**About this task:** Transcribe, leaving out every picture, the lines that run from the start of the listing below through the line with "Седан Audi A8 2019 в Одесі".

**Data records:**
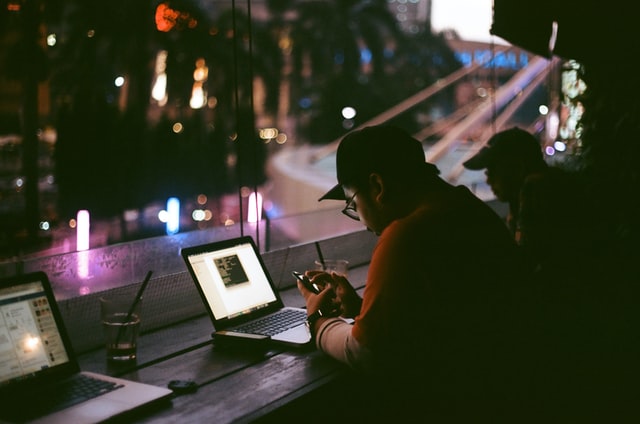 電動キックボードに乗るとき免許は必要なのか?電動キックボードの新ルール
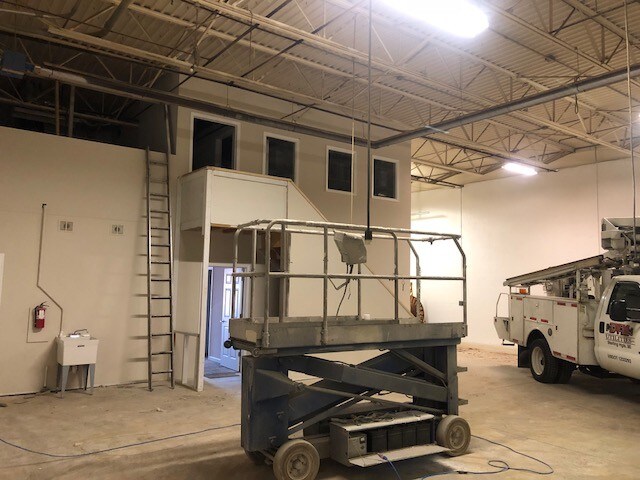 More Photos Of 35468 Groesbeck Hwy, Clinton Township Warehouse For Lease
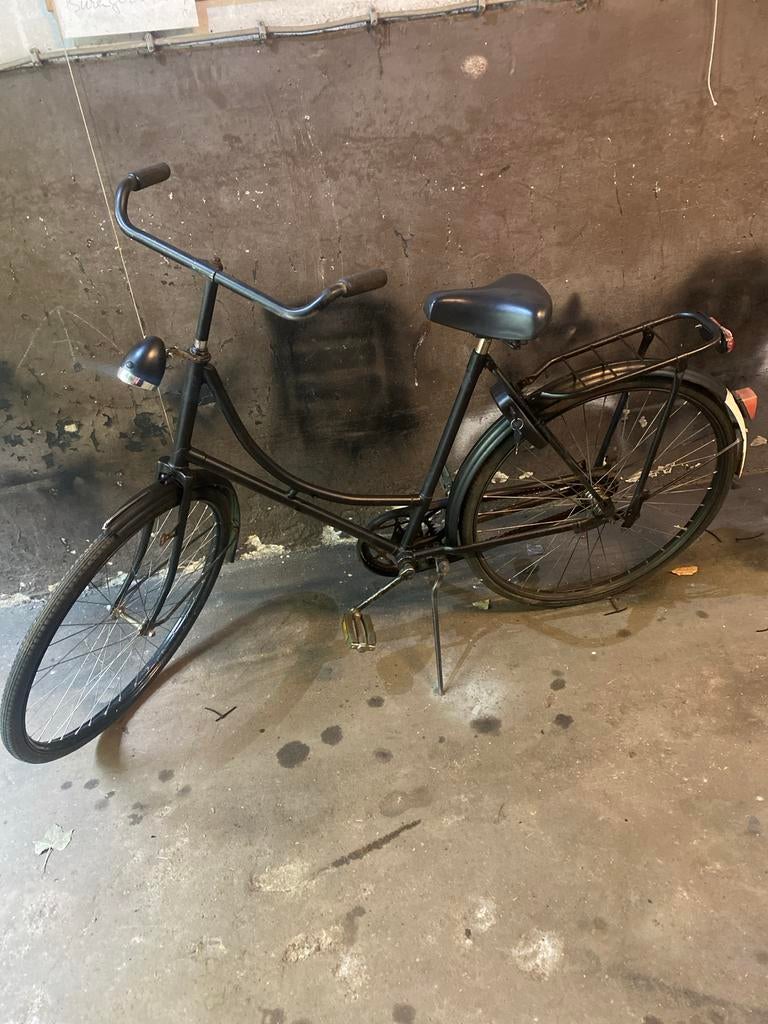 Omafiets met licht, slot en standaard, Fietsen en Brommers, 53 tot 56 cm, Ophalen of Verzenden, Gebruikt, Terugtraprem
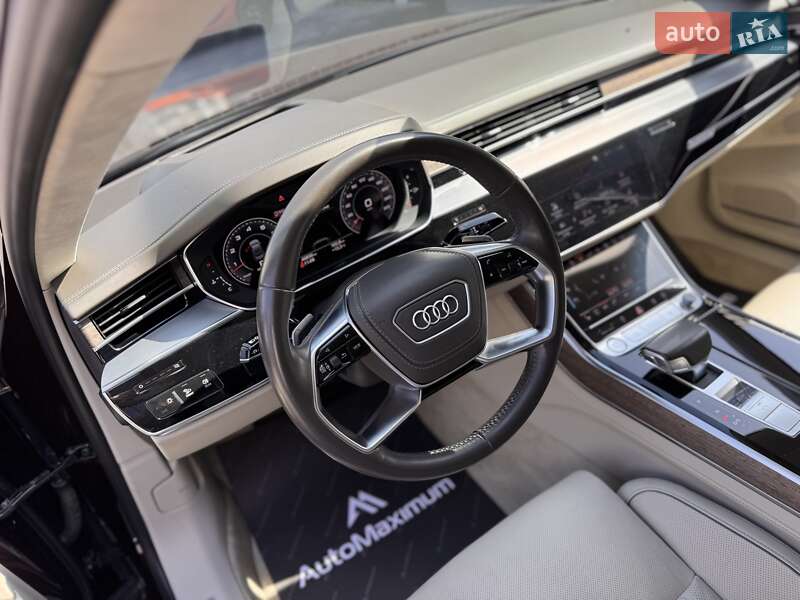 Седан Audi A8 2019 в Одесі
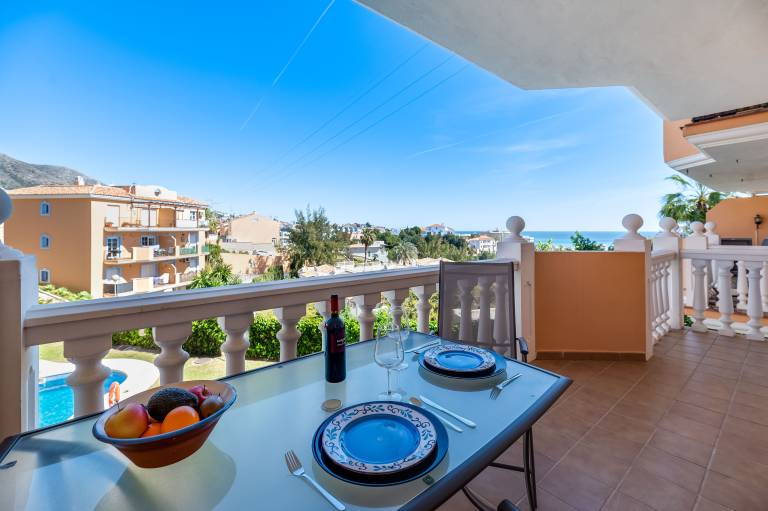 Holiday Apartment "Sauce Sol Fuengirola" with Sea View, Shared Pool & Private Terrace — photo 2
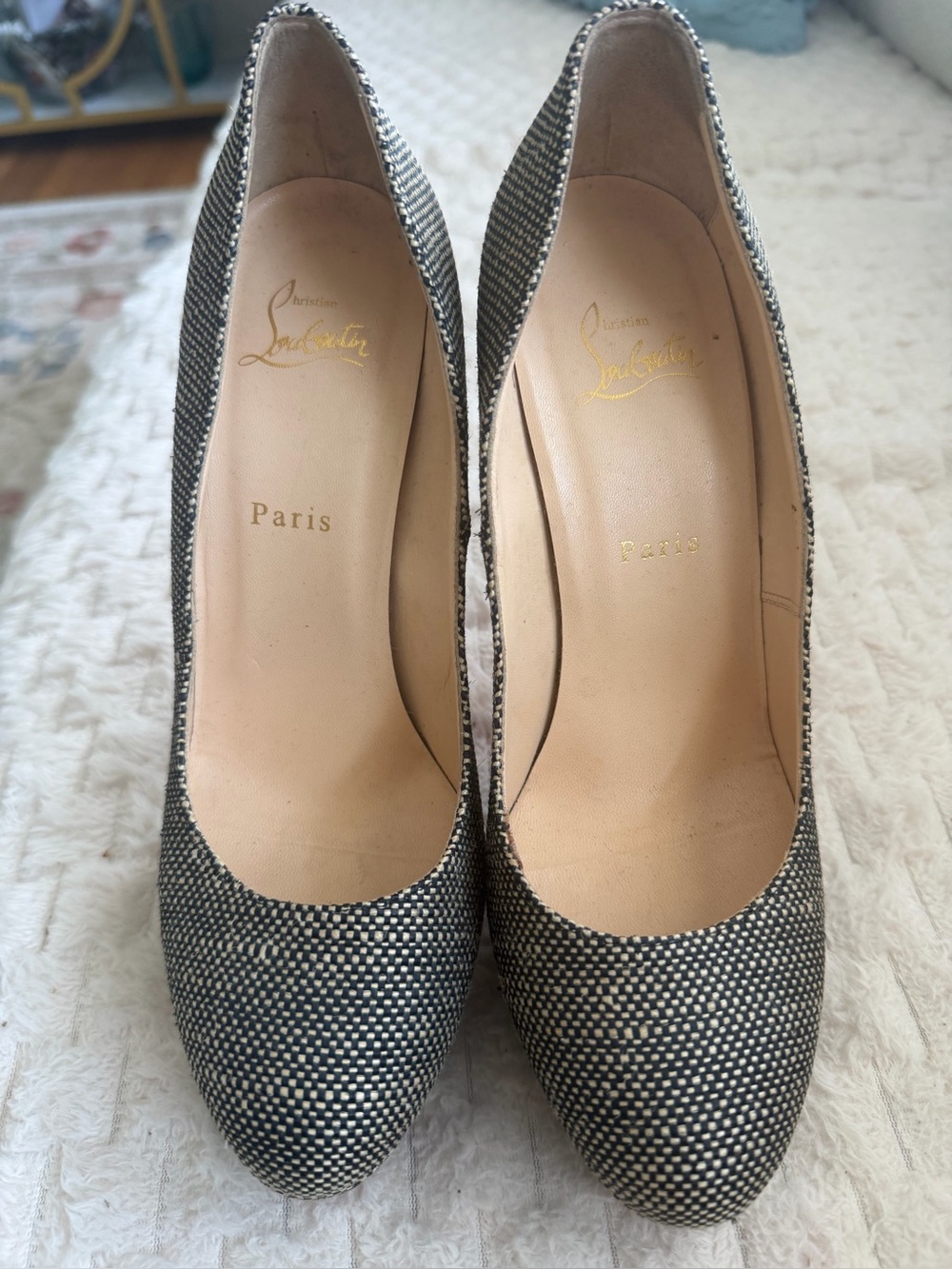 Christian Louboutin Black and White Tweed Round-Toe Pumps Size 10 hills 5.5”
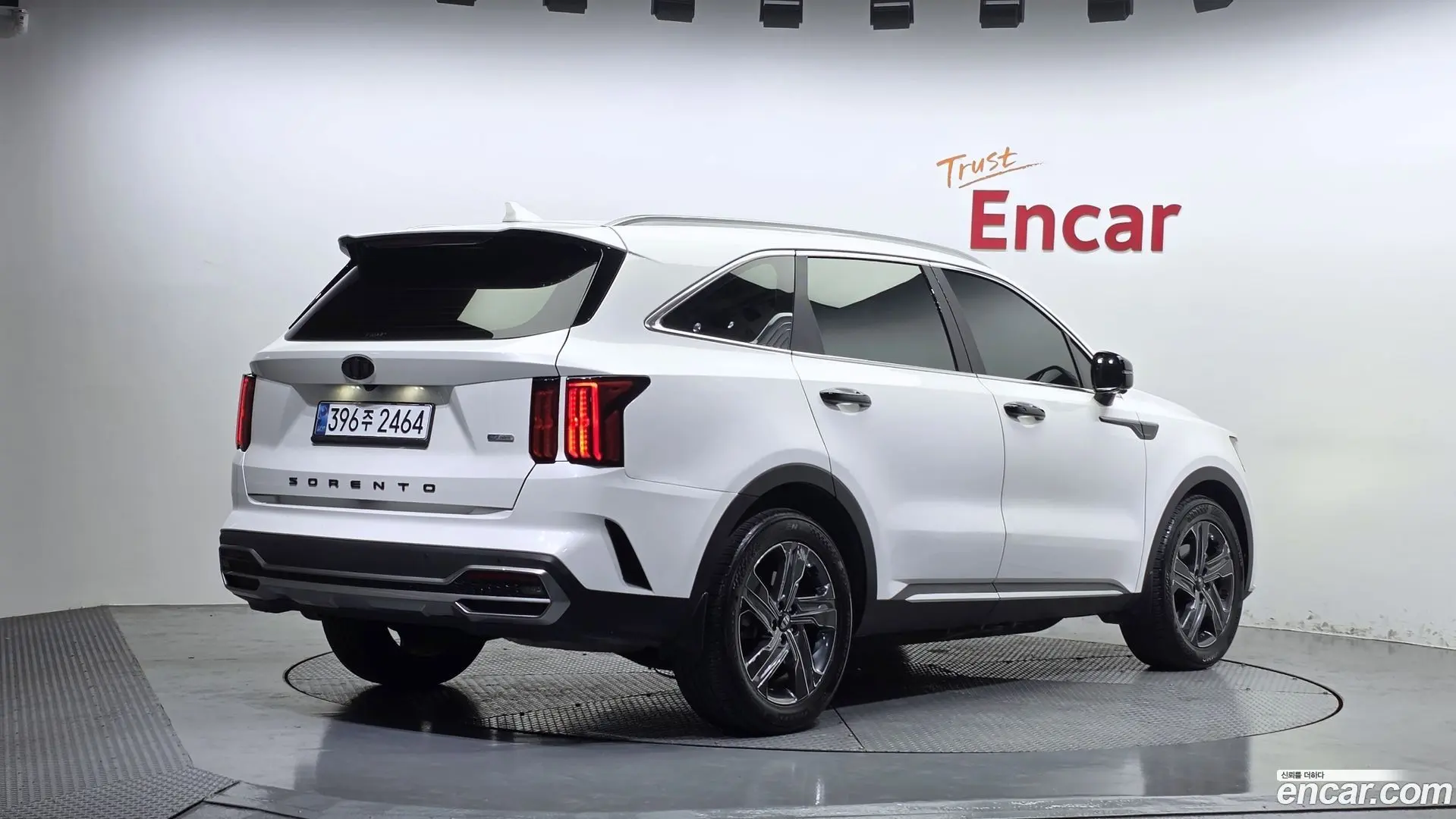 Main__Slider__Photo:Sorento Kia 2020.11-1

**Solution below:**
 電動キックボードに乗るとき免許は必要なのか?電動キックボードの新ルール
 More Photos Of 35468 Groesbeck Hwy, Clinton Township Warehouse For Lease
 Omafiets met licht, slot en standaard, Fietsen en Brommers, 53 tot 56 cm, Ophalen of Verzenden, Gebruikt, Terugtraprem
 Седан Audi A8 2019 в Одесі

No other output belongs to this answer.